He wrote in a language of which it was the virtue to accrete, modify, and interrelate moments of emotional vision—moments at which the sense of being gains its greatest access—moments at which, by the felt nature of knowledge, the revealed thing is its own meaning; and he attempted to apply his language, in his major effort, to a theme that required a sweeping, discrete, indicative, anecdotal language, a language in which, by force of movement, mere cataloguing can replace and often surpass representation.

This reminds us, incidentally, that Crane is not at all like Whitman, despite his own insistence and “Cape Hatteras.” An indicative style was available to Whitman because he was at home in the realm of the obvious and trusted its relations. Crane was not at home there and had only the vaguest grasp of any relations. Whitman could place one obvious thing beside another and indicate a relation between them because a relation was certified by his whole sense of life. He did not need to insist. Crane had to insist, for the same reason that people whistle in the dark. In his poems, therefore, words which testify to relations are doomed to exaggerate them. His “Elizabethan” style is implicated in this predicament. In “The Wine Menagerie” he writes:

   Wine talons
Build freedom up about me and distill
This competence….

In “The Harbor Dawn”:

   The Sky,
Cool feathery fold, suspends, distills
This wavering slumber….

In “The Dance” a star “bled into the dawn.”

Now and again, Crane had misgivings about the exemplary figure of his poetry. In 1926, after reading Spengler’s Decline of the West, he wrote a rueful letter to Waldo Frank about The Bridge. “The very idea of a bridge,” he said, “depends upon certain “spiritual convictions.” In this age of disbelief “the bridge as a symbol today has no significance beyond an economical approach to shorter hours, quicker lunches, behaviorism and toothpicks.” I am not sure, one exaggeration stirring another, that those who use Brooklyn Bridge as a mere instrument to these daily ends are not wiser, after all, than the arching poet, on the grounds that a feasible use is better than an impossibly sublime demand. Mediating between exaggerations, Marianne Moore’s poem “Granite and Steel” praises the “enfranchising cable” of the same bridge, sings John Roebling’s harmony of the eye and the eye of the mind, and leaves the bridge as it is, “an actuality,” as it is, subject only to the flick of Miss Moore’s imagination. It seems clear to me that Miss Moore has chosen the better way, the more poetic as well as the more religious way. The “force of movement” which Blackmur describes is, in Miss Moore’s poem, a quality in the syntax which, moving things along, keeps each in its proper place. It is an achievement of luminous intelligence; call it, in Williams’s word, measure. Perhaps it is worth remarking now that the resplendent things in Crane’s poetry are marvels of diction. Where the poems fail, normally, they fail in syntax, force of movement, indication.
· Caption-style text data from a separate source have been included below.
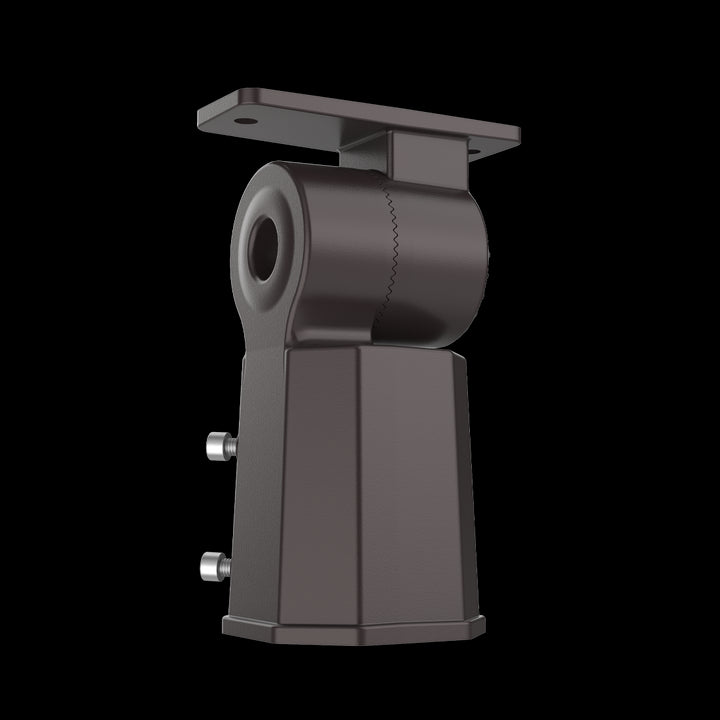 Luxrite 150W Flood Light Slipfitter Mount, Pack of 2 (LR40358)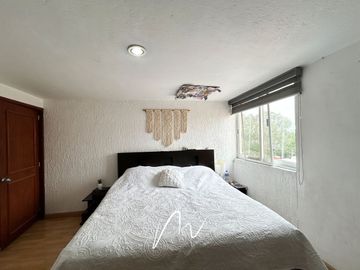 Departamento con terraza en venta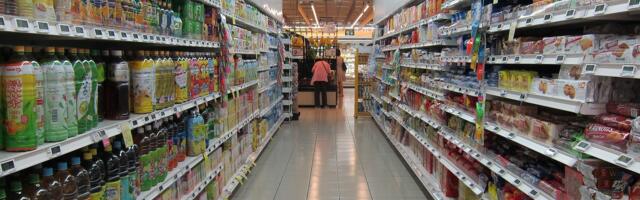 Мнение: Дорогие продукты питания могут стать тормозом для экономики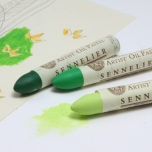 Sennelier Artist's Quality Oil Pastel
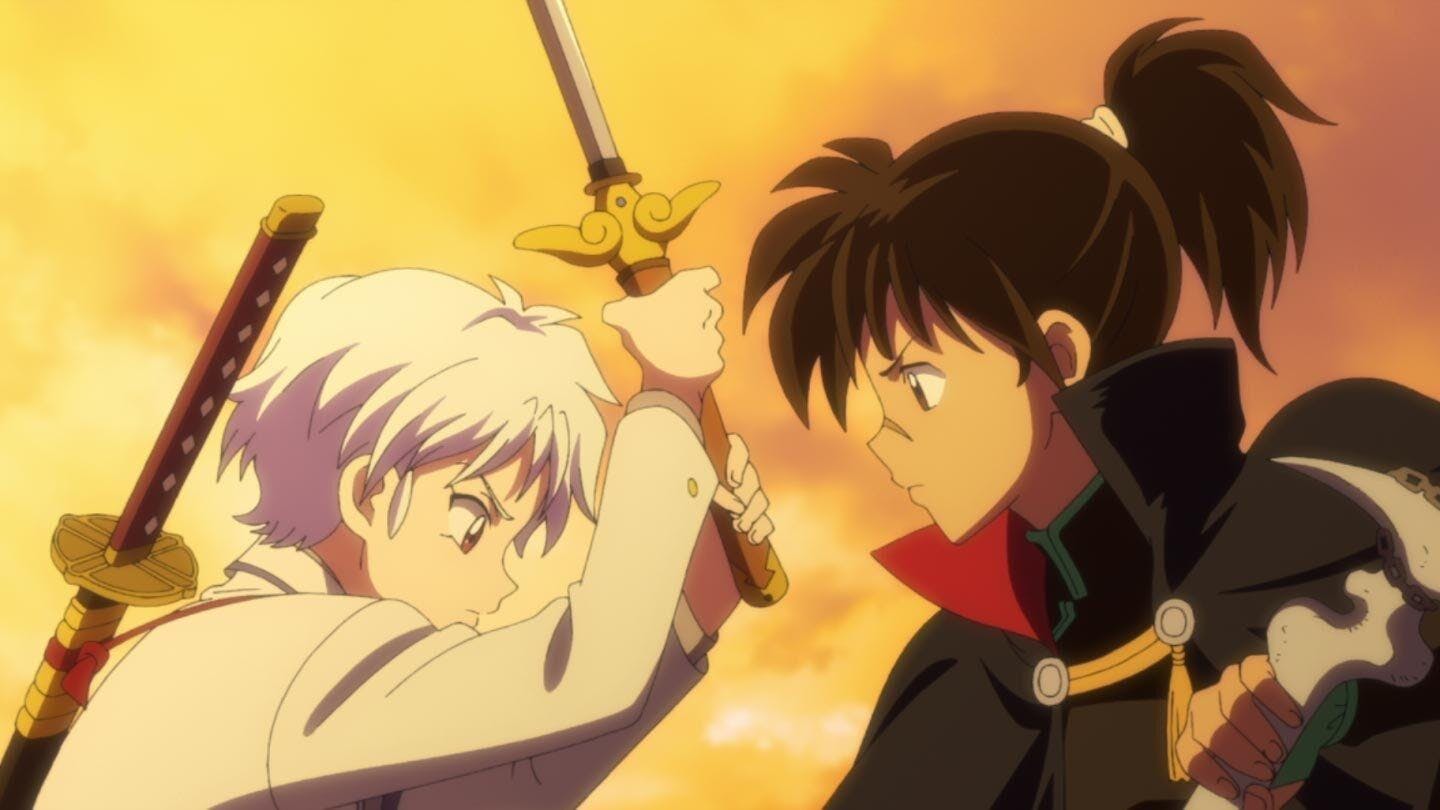 O pedido de Takechiyo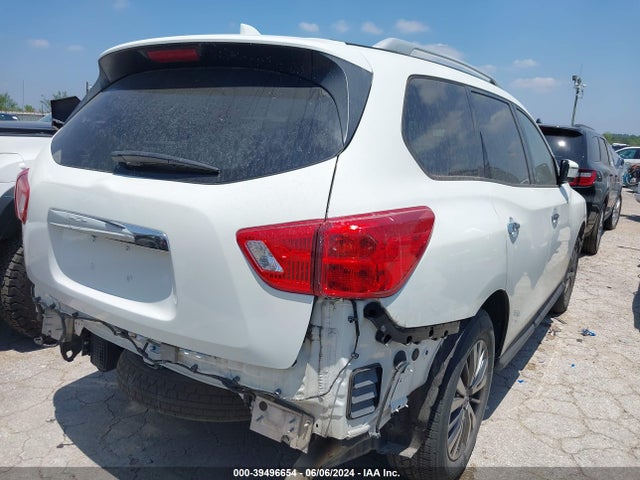 Nissan Pathfinder Sl 2wd 2020 5N1DR2CN9LC595293 Image 4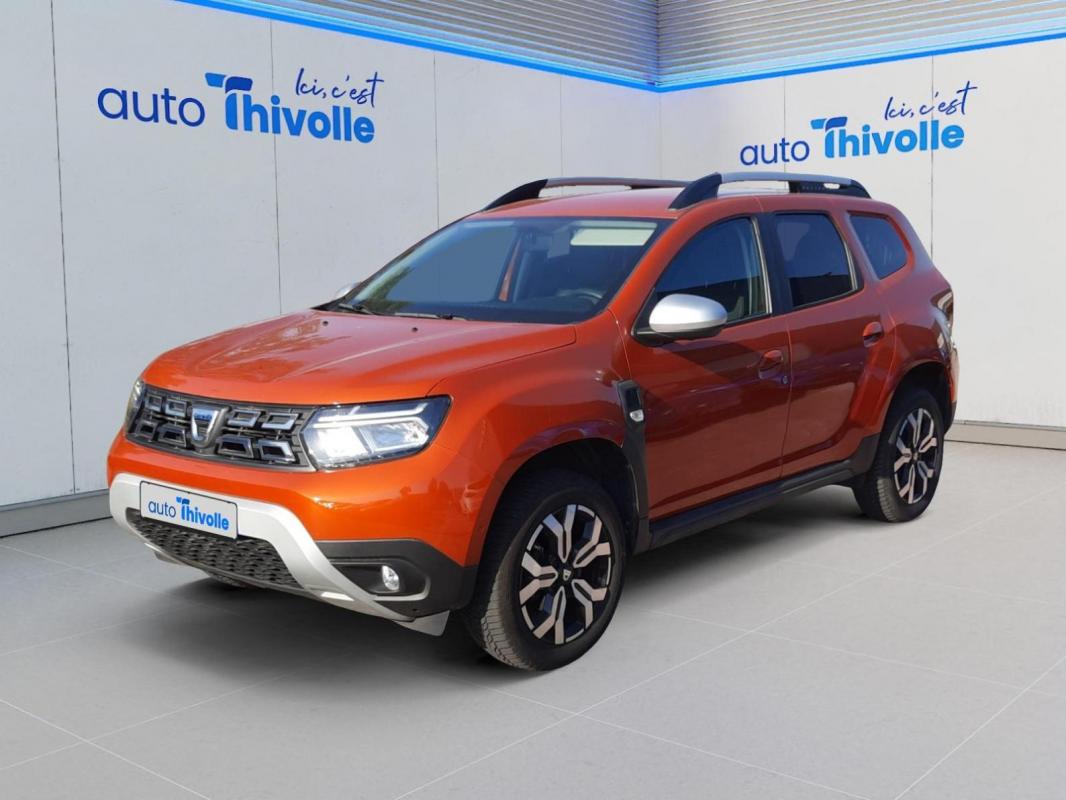 Image de l'annonce principale - Dacia Duster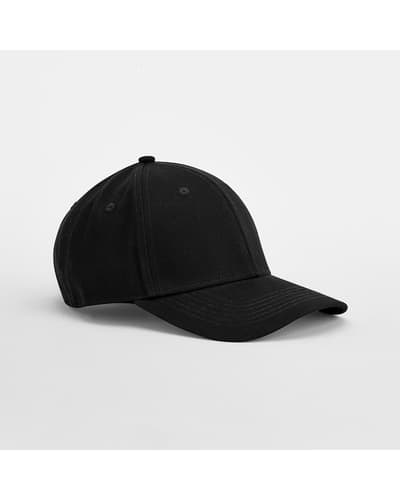 Beechfield Classic Organic baseball-lippis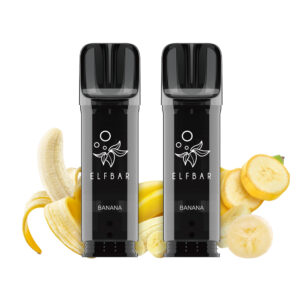 ELFA PRO POD – Banana 20mg – 600 Puff [2 Bucati]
This brings us back to The Bridge. Mr. Lewis, trying hard to enforce the unity of the poem against those readers who find it a heap of gorgeous fragments, grounds everything in “the visionary imagination.” This means, in cooler terms, that the unity of the poem is totally dependent upon the sensibility of the poet, its “plot” the graph of his interests. Mr. Lewis speaks of “the gradual permeation of an entire culture by the power of poetic vision,” but in fact he defeats argument by making the poem an idealist assertion, Crane’s Supreme Fiction. It may be necessary to settle for this, since no other mode of unity seems to apply. Kenneth Burke once observed, reviewing G. H. Mead’s Philosophy of the Act, that “the strategy of romantic philosophy [which Mead likens to the beginnings of self-consciousness at adolescence] was to identify the individual Self metaphysically with an Absolute Self, thereby making the reflexive act the very essence of the universe, a state of affairs that is open to lewd caricature.” This gives Crane’s poetry, and especially The Bridge, the right connotations. It also glosses Mr. Lewis’s tendency, inevitable if you begin where he begins, to read Crane’s poems as parables of the poetic imagination. Even “The Air Plant” is turned in this direction. The trouble with the argument is that Crane’s poems soon begin to sound like “The Man with the Blue Guitar,” Stevens’s “Tom-tom, c’est moi.” I am not sure that Mr. Lewis intends to go as far as this, but I think he must, to be consistent.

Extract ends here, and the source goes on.